#### Dataset records
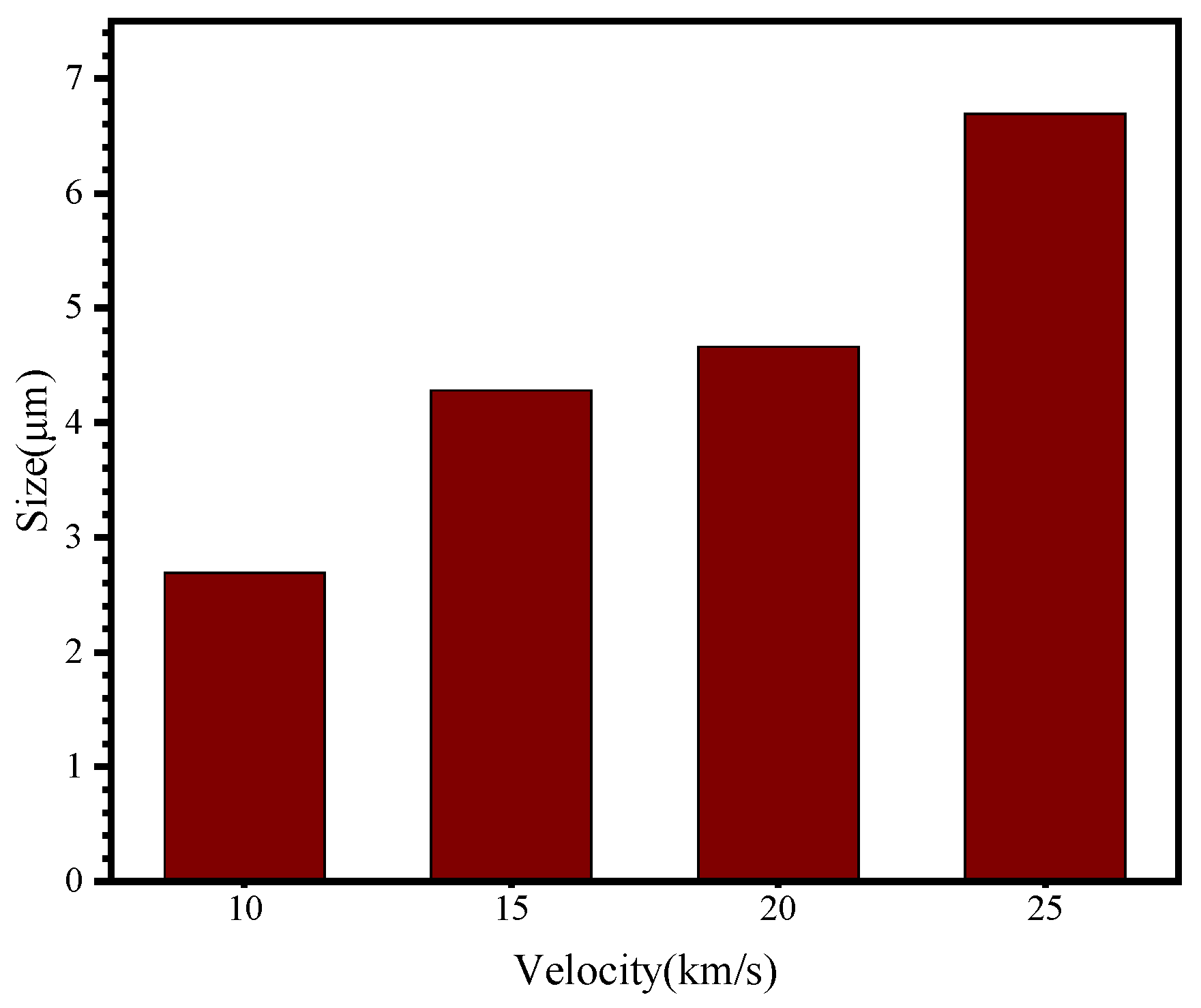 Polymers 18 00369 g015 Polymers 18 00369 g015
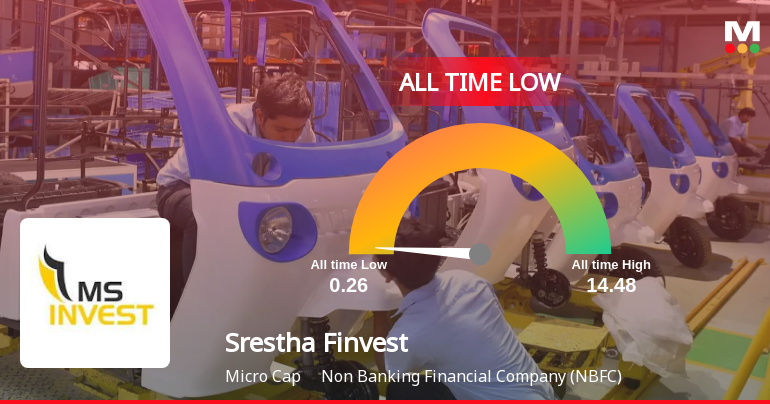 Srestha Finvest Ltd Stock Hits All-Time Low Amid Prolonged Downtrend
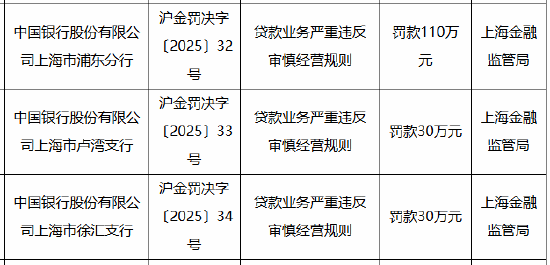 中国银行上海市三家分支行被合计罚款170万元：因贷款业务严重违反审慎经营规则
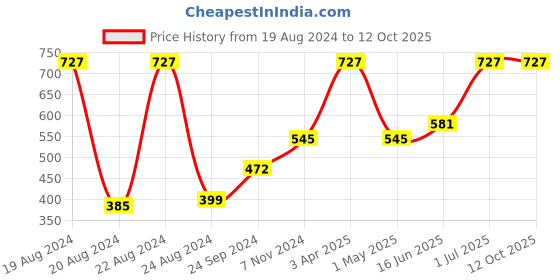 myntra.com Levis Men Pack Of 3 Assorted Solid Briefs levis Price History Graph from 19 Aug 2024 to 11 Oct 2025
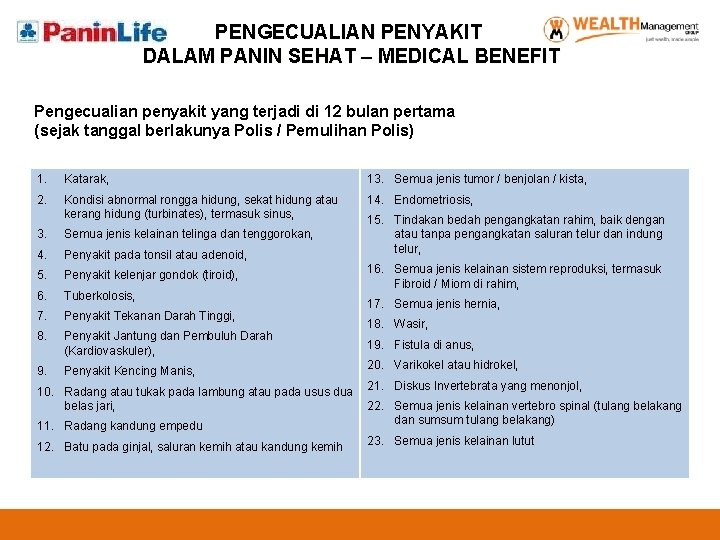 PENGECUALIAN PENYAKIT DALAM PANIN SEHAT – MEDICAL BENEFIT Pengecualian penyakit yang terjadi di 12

#### Exercise requirements
Every line from the one that holds "Srestha Finvest Ltd" to the last line of the records above goes into the answer, exactly as written; nothing else does, and no picture does either.

#### Result for this exercise
 Srestha Finvest Ltd Stock Hits All-Time Low Amid Prolonged Downtrend
 中国银行上海市三家分支行被合计罚款170万元：因贷款业务严重违反审慎经营规则
 myntra.com Levis Men Pack Of 3 Assorted Solid Briefs levis Price History Graph from 19 Aug 2024 to 11 Oct 2025
 PENGECUALIAN PENYAKIT DALAM PANIN SEHAT – MEDICAL BENEFIT Pengecualian penyakit yang terjadi di 12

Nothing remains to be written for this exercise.